Cinco museos secretos y gratuitos que desconoces, escondidos entre las estaciones de Metro de Madrid
El suburbano madrileño cuenta con espacios de un valor histórico incuestionable diseñados por el famoso arquitecto Antonio Palacios
La Nave de Motores, el vestíbulo de Pacífico, Opera y la estación de Chamberí, se encuentran entre estos lugares que conservan su aspecto habitual
El Metro de Madrid cumple hoy 104 años: la cuarta línea de suburbano con mayor extensión de Europa
MadridLa llegada del metro a la capital de España supuso la transformación radical de la ciudad durante los primeros años del siglo XX. La integración del suburbano madrileño ha seguido influyendo en las estructuras sociales, culturales y económicas de la región a lo largo de los años, hasta hoy.
Uno de los atractivos de este subterráneo son sus museos que sumergen al visitante en la historia de este medio de transporte revolucionario para la ciudad de Madrid.
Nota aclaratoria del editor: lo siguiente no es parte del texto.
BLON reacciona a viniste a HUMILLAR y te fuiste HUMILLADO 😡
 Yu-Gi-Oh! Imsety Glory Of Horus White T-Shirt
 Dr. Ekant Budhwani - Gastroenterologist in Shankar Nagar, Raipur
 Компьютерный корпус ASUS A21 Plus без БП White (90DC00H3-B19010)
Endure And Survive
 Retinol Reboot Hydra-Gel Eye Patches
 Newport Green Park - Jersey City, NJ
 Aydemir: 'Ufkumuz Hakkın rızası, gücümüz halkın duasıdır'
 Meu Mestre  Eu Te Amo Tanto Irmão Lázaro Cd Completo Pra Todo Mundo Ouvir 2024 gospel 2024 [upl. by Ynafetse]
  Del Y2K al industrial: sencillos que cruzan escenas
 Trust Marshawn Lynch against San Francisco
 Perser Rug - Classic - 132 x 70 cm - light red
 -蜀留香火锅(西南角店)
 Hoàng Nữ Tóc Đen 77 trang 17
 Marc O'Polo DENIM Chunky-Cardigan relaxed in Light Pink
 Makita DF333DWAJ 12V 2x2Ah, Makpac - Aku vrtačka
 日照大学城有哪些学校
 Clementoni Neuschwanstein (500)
En este sentido, Metro cuenta con espacios de un valor histórico incuestionable diseñados por el famoso arquitecto Antonio Palacios: la Nave de Motores, el vestíbulo de Pacífico, Opera y la estación de Chamberí, además de la exposición de trenes en la Estación de Chamartín y Los caños de Peral.
Nave de Motores de Pacífico
Construida entre 1922 y 1923 y restaurada en 2008, la Nave de Motores de Pacífico conserva su aspecto original. En esta impresionante nave están ubicados tres enormes motores diésel y el resto de la maquinaria, como alternadores, transformadores, etc., que en su momento sirvieron para generar y transformar la energía con la que funcionaban los trenes.
Durante la Guerra Civil, debido a las restricciones, llegó a proporcionar energía eléctrica a la ciudad a través de la compañía Unión Eléctrica Madrileña. Con el paso del tiempo y a medida que las compañías fueron capaces de asegurar un suministro cada vez más regular, la central, que en su momento fue la de mayor potencia instalada en España, quedó obsoleta y dejó de generar energía en la década de los 50, siendo definitivamente clausurada en 1972.
El edificio destaca por la claridad de su concepción, la atención al detalle y la buena ejecución que caracterizan todo el trabajo de uno de los grandes artífices de la imagen de la ciudad de la primera mitad del siglo XX, Antonio Palacios. Las obras de mantenimiento y conservación que se han acometido, según proyecto del arquitecto Carlos Puente, han devuelto a la nave su aspecto original, tanto exterior como interior, y han ido acompañadas de la limpieza y restauración de la maquinaria.